Given records →
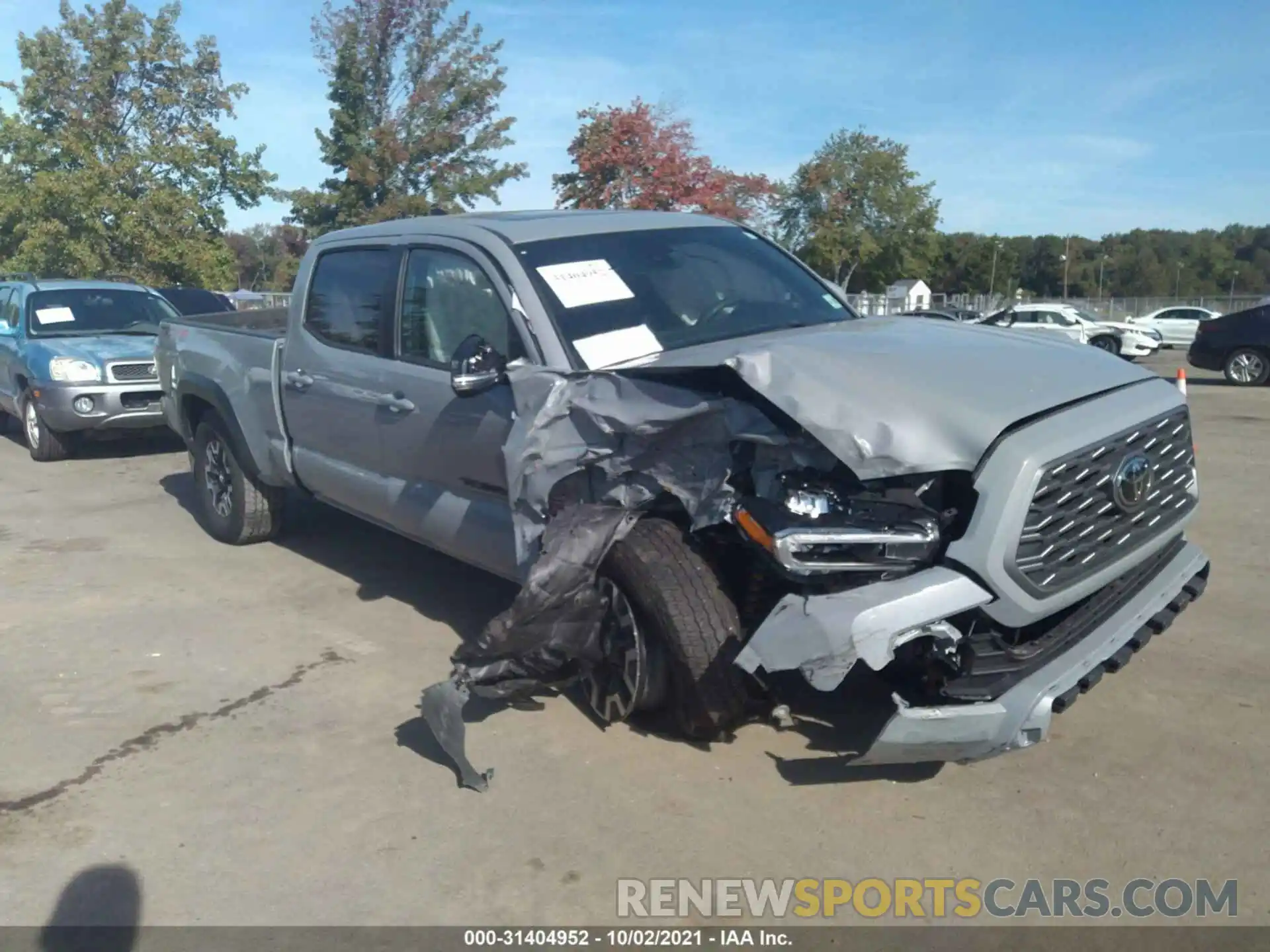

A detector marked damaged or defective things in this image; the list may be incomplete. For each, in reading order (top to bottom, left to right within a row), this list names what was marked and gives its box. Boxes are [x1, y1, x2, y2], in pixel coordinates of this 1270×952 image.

crumpled hood [27, 331, 157, 368]
damaged gray truck [156, 210, 1212, 788]
crumpled hood [635, 317, 1154, 479]
broken bumper [736, 534, 1212, 767]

Work order →
Print out each record exactly as shown, but keep the pictures out.

Expected answer →
A detector marked damaged or defective things in this image; the list may be incomplete. For each, in reading order (top to bottom, left to right within a row), this list names what was marked and gives its box. Boxes are [x1, y1, x2, y2], in pixel coordinates of this 1270×952 image.

crumpled hood [27, 331, 157, 368]
damaged gray truck [156, 210, 1212, 788]
crumpled hood [635, 317, 1154, 479]
broken bumper [736, 534, 1212, 767]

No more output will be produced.